Allow yourself to have 3–4 week blocks in which you know you’re moving towards a specific desire even if you use multiple tools to get there. Be specific so you work towards a goal. That recipe. But remember, the recipe can have many ingredients.
To make this concrete, say you have a goal of being a better runner but don’t really want to train for a race or anything performance focused. You also get bored just only running. You never finish the 4 week run block. So instead of running 6 days a week you can do a spin class, yoga class, a HIIT or strength session, run 2x a week and sprinkle in recovery/mobility sessions. At the end of 4 weeks your running will likely have improved. Would it have improved more if you only did running sessions? Probably. But you wouldn’t have finished the plan so what does it matter! This is how we can combine variety with specificity and make the decision later to hone in on specificity more once you find an activity you’re absolutely in love with.

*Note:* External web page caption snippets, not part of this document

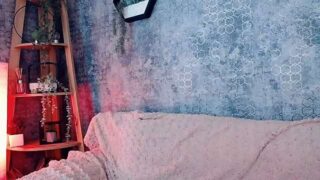 Stacey-Di naked stripping on cam for live sex video chat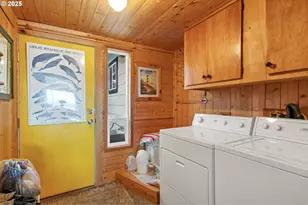 34 NE Williams Ave, Depoe Bay, OR 97341 - Photo 27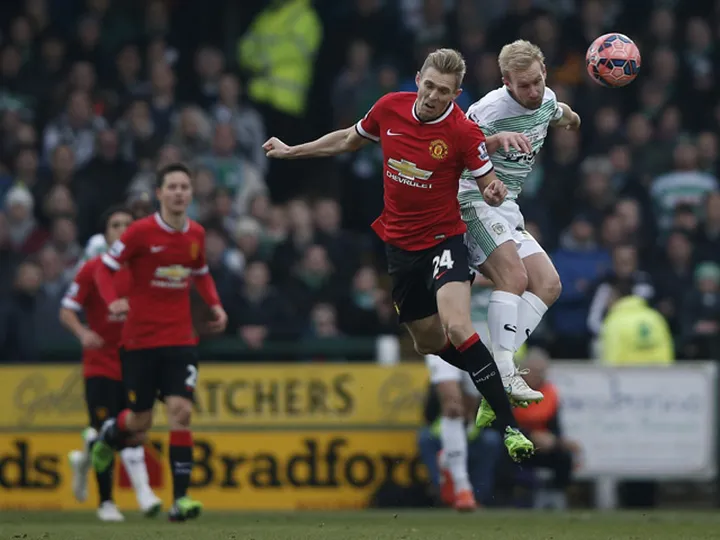 Man Utd through to FA Cup fourth round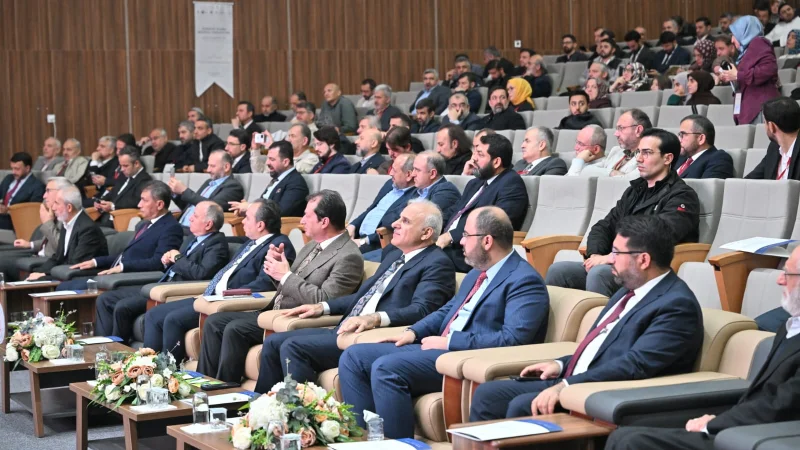 Diyarbakır'da Uluslararası Hadis İhtisas Toplantısı Başladı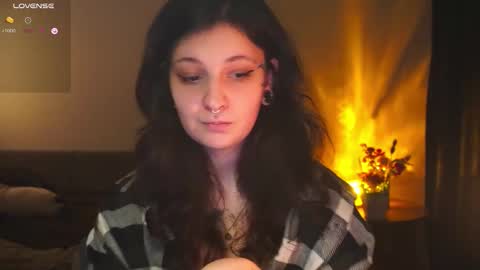 Mary  . online show from 12-20-25, 06:31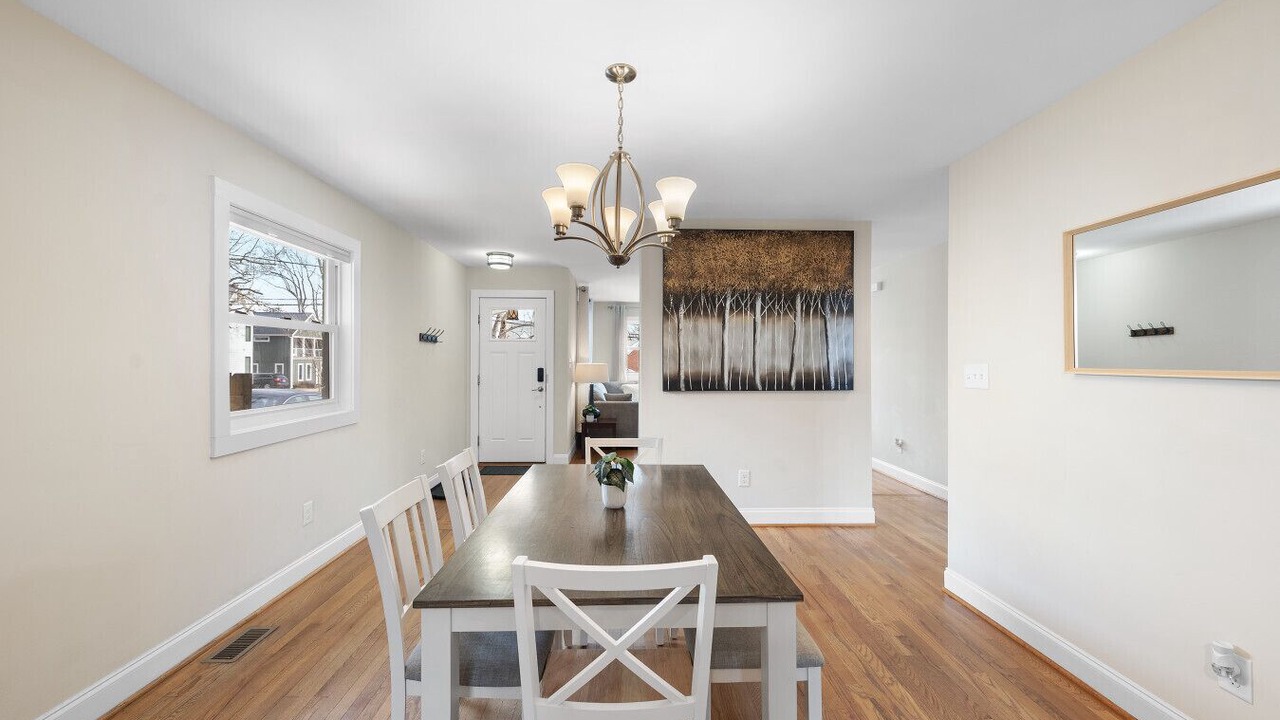 Photo of Livingroom in Downtown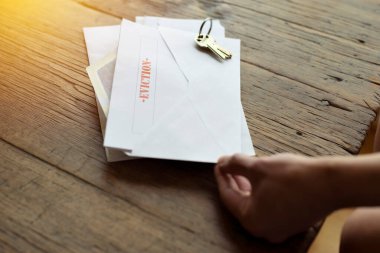 Bir kadının ellerinde bir tahliye ihbarı var işten çıkarılmış, evini kaybetmiş.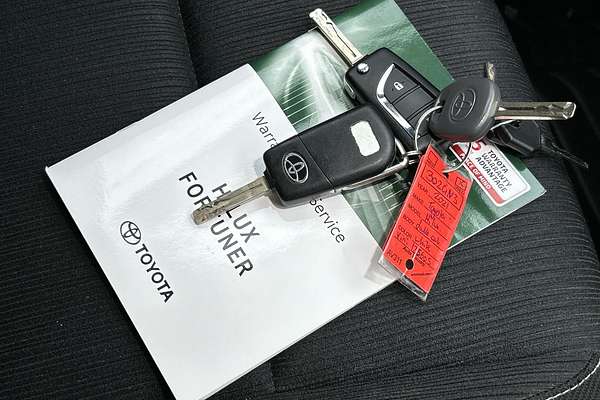 2021 Toyota Hilux SR GUN126R 4X4 thumb-21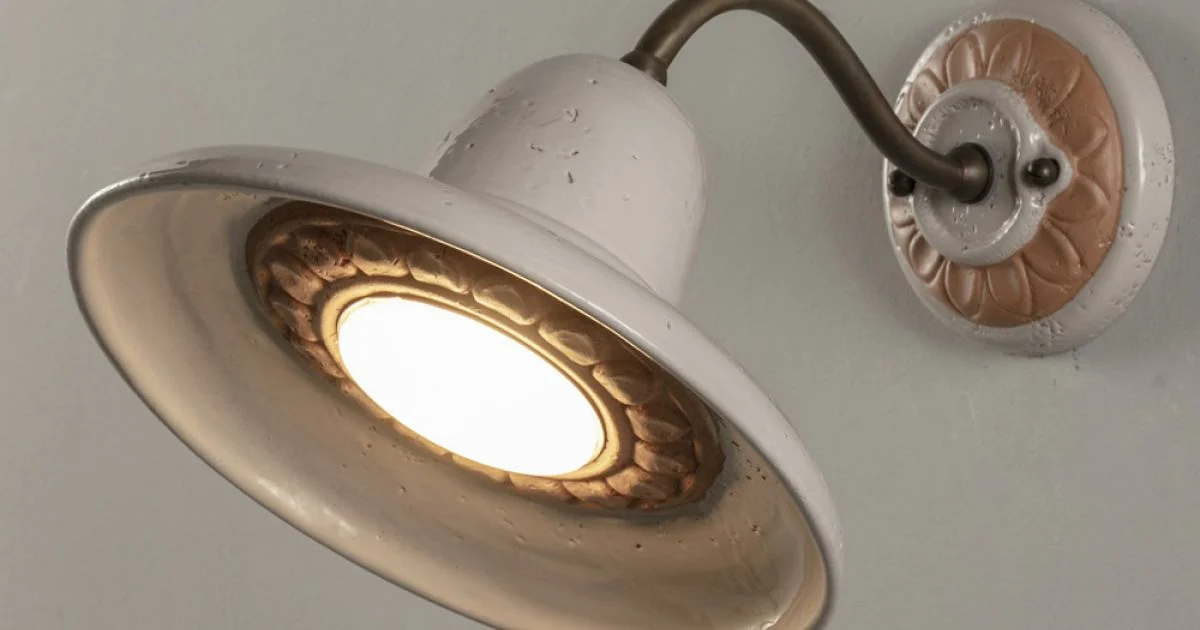Applique Esterno in Galestro e Metallo Fatta a Mano in Italia - Toscot Spoleto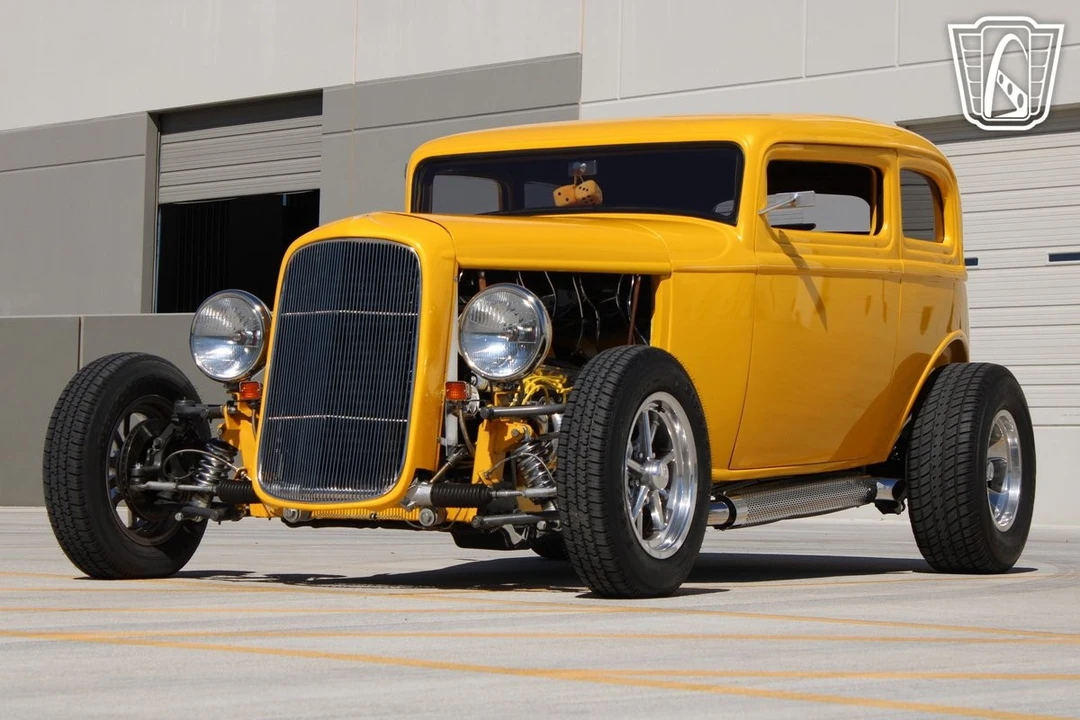 1932 Ford Model 18 & 40 - Image 3 of 12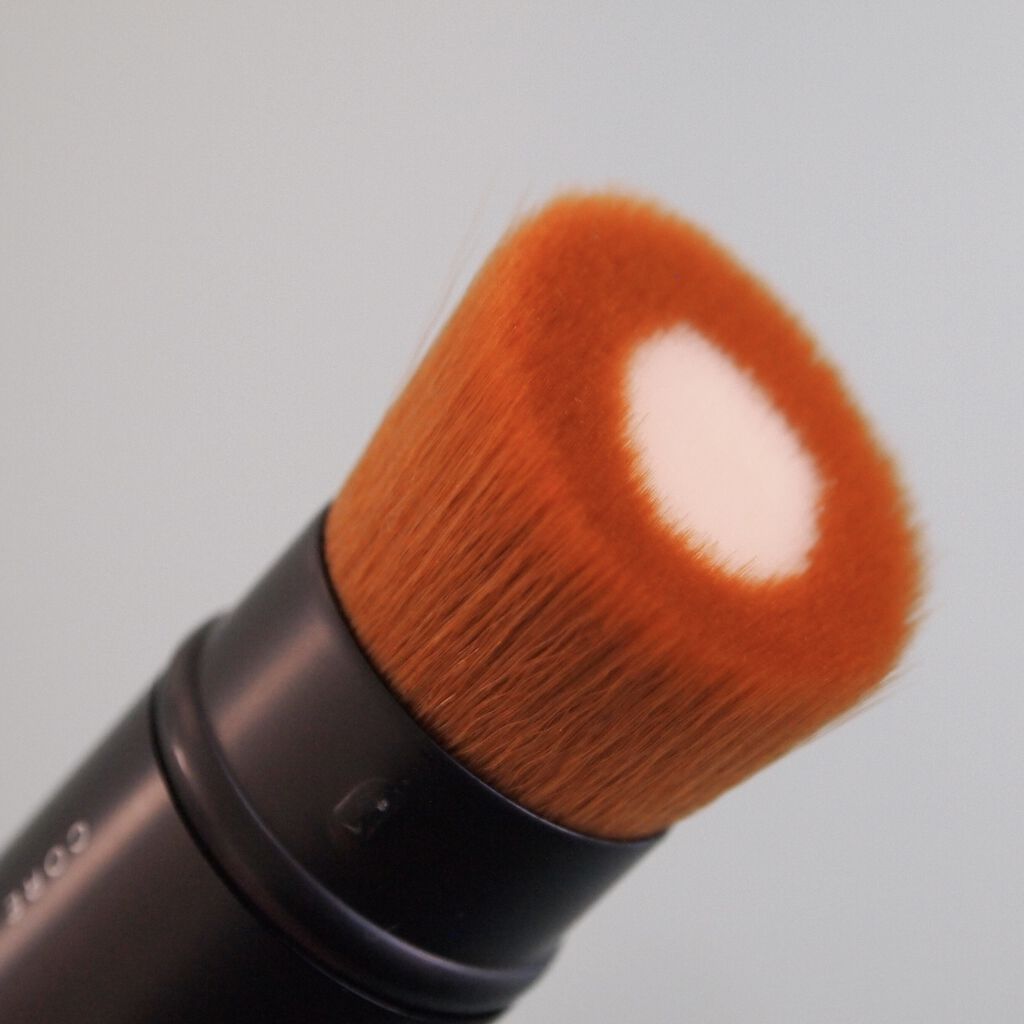 コア カバレッジ ブラシ/bareMinerals/メイクブラシを使ったクチコミ（2枚目）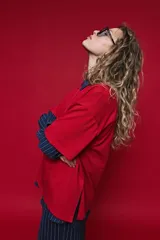 Remera de algodón con corte boxy fit, silueta amplia, hombros caídos y aberturas laterales.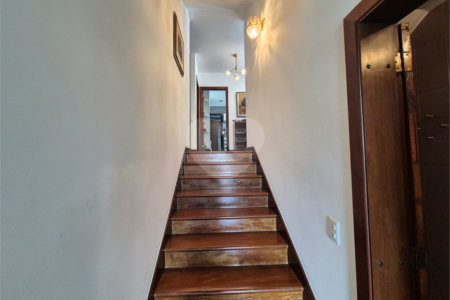 Casa de Vila à venda ou para alugar com 4 quartos, sendo 2 suítes,  em Jardim Leonor, São Paulo, SP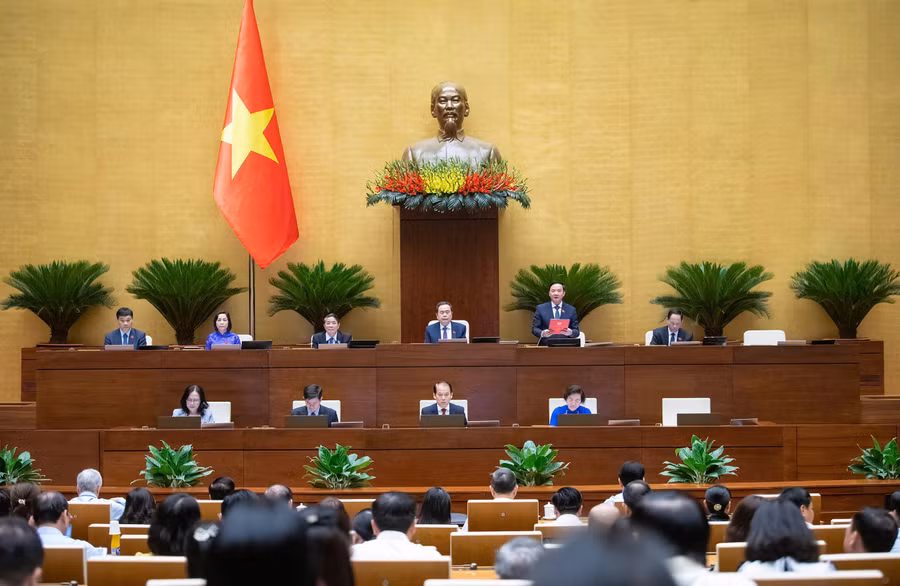 Phó Chủ tịch Quốc hội Nguyễn Khắc Định điều hành phiên họp sáng 14/5.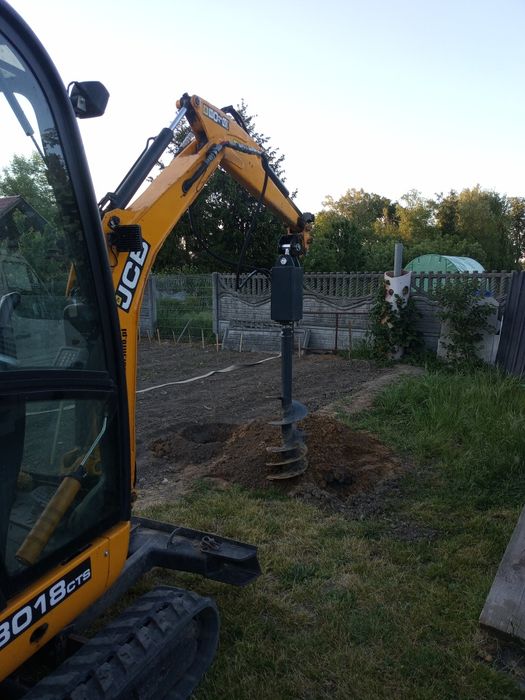 Usługi Minikoparką Wiertnica do otworów w glebie Usługi Wywrotką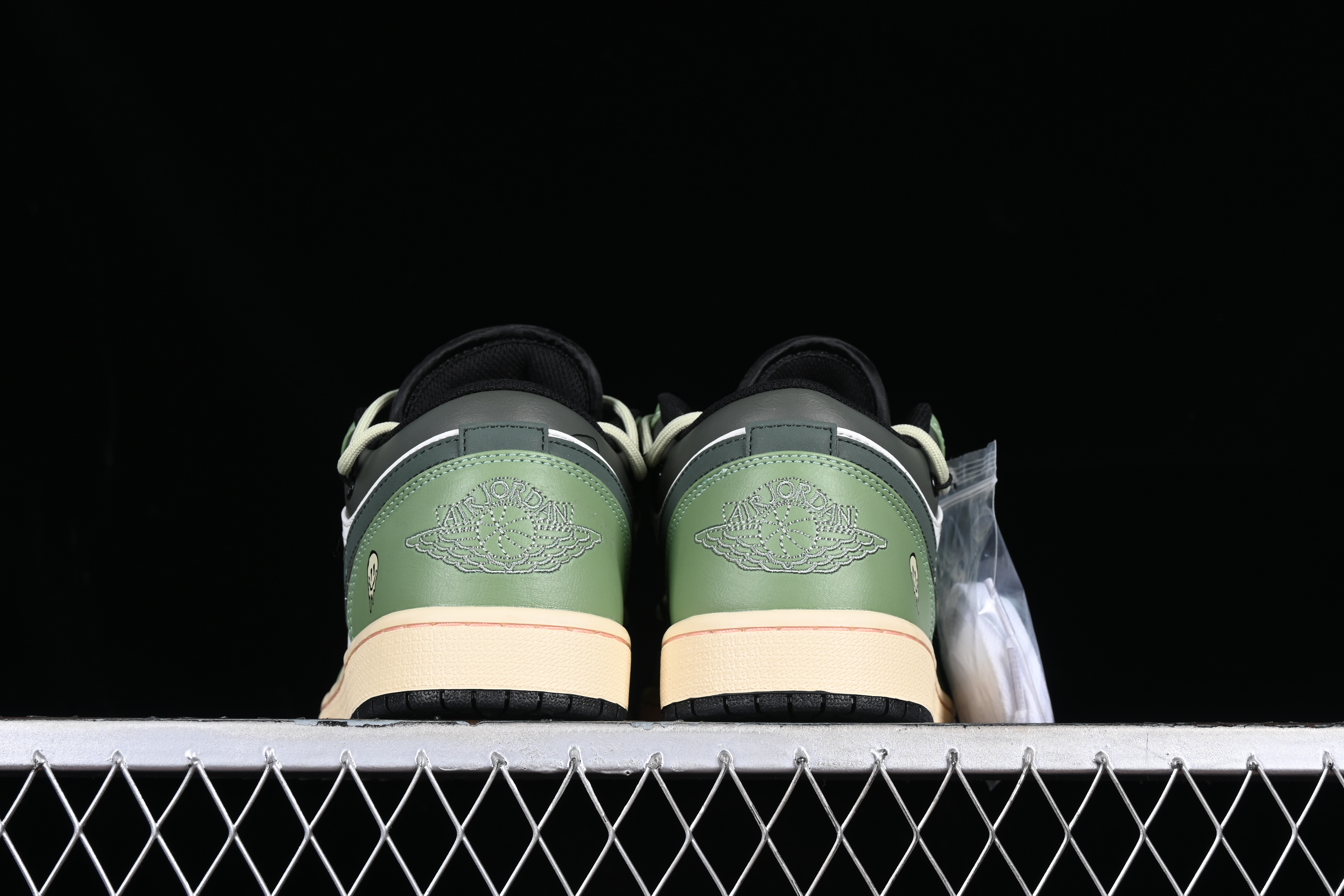 AJ1 low top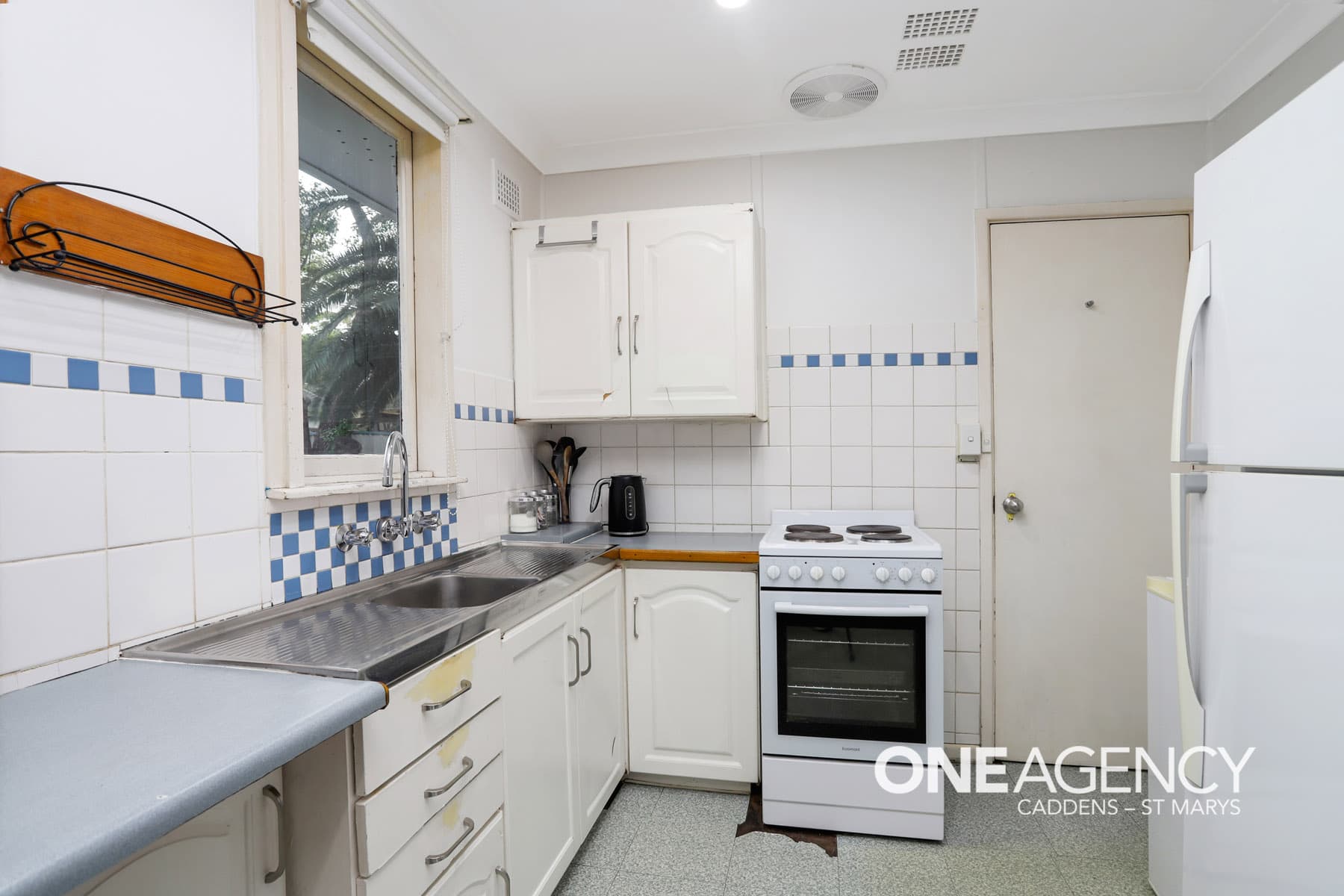 24 Magellan Avenue, Lethbridge Park, Lethbridge Park - Thumbnail 2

8. Community Builds Immunity!
Look, this one doesn’t need to drawn out. Find your tribe. Bring in a family member. Join an online group. The more individuals you can be accountable to and that KNOW you want to get a bit healthier, the easier it will be. Research backs this up 10x. This is a mix of both motivation and guilt because you don’t want to let anyone down. And in this age of social currency, our reputation and health might be the most valuable things out.